* What you are asked to do *
Print only the closing part of the entries. It starts at the line containing "2026 Chevrolet Colorado WT view 9" and includes the final line, exactly as written.

======== Provided data ========

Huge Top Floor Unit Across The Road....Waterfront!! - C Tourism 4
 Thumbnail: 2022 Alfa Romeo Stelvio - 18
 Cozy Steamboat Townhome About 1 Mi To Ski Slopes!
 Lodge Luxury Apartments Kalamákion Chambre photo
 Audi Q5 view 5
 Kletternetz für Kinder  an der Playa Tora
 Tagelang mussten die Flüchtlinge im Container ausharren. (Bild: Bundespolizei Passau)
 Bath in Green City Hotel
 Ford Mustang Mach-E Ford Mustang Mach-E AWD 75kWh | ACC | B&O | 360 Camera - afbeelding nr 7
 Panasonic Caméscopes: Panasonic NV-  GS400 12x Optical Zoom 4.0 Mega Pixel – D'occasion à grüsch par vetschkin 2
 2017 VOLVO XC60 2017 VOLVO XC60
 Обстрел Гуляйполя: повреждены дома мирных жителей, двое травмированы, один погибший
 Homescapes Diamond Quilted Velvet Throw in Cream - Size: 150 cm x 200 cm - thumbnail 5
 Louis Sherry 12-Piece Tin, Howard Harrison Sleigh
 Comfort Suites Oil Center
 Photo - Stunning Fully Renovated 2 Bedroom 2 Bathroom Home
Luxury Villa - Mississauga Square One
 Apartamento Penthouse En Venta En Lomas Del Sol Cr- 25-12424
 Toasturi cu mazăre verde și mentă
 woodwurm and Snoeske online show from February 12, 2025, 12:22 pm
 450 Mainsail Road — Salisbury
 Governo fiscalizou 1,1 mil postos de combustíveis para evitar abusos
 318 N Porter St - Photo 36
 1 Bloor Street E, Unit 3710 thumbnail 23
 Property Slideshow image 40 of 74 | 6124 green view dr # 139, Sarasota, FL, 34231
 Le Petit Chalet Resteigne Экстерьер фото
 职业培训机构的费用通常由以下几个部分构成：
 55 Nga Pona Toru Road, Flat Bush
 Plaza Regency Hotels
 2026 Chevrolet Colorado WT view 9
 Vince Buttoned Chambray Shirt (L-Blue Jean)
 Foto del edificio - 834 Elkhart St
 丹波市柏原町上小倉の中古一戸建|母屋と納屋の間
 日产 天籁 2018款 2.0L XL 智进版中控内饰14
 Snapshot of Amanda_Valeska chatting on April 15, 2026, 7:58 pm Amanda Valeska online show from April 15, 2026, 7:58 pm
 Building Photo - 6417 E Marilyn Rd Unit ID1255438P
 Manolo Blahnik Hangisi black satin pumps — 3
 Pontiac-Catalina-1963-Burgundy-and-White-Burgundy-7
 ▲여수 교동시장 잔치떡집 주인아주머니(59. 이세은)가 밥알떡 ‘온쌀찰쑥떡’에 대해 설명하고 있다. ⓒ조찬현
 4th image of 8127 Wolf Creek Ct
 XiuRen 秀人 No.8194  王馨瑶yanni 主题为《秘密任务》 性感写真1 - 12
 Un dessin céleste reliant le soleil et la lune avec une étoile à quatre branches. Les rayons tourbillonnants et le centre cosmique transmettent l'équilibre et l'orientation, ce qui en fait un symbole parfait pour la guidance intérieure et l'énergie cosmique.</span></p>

========

* Written solution *
 2026 Chevrolet Colorado WT view 9
 Vince Buttoned Chambray Shirt (L-Blue Jean)
 Foto del edificio - 834 Elkhart St
 丹波市柏原町上小倉の中古一戸建|母屋と納屋の間
 日产 天籁 2018款 2.0L XL 智进版中控内饰14
 Snapshot of Amanda_Valeska chatting on April 15, 2026, 7:58 pm Amanda Valeska online show from April 15, 2026, 7:58 pm
 Building Photo - 6417 E Marilyn Rd Unit ID1255438P
 Manolo Blahnik Hangisi black satin pumps — 3
 Pontiac-Catalina-1963-Burgundy-and-White-Burgundy-7
 ▲여수 교동시장 잔치떡집 주인아주머니(59. 이세은)가 밥알떡 ‘온쌀찰쑥떡’에 대해 설명하고 있다. ⓒ조찬현
 4th image of 8127 Wolf Creek Ct
 XiuRen 秀人 No.8194  王馨瑶yanni 主题为《秘密任务》 性感写真1 - 12
 Un dessin céleste reliant le soleil et la lune avec une étoile à quatre branches. Les rayons tourbillonnants et le centre cosmique transmettent l'équilibre et l'orientation, ce qui en fait un symbole parfait pour la guidance intérieure et l'énergie cosmique.</span></p>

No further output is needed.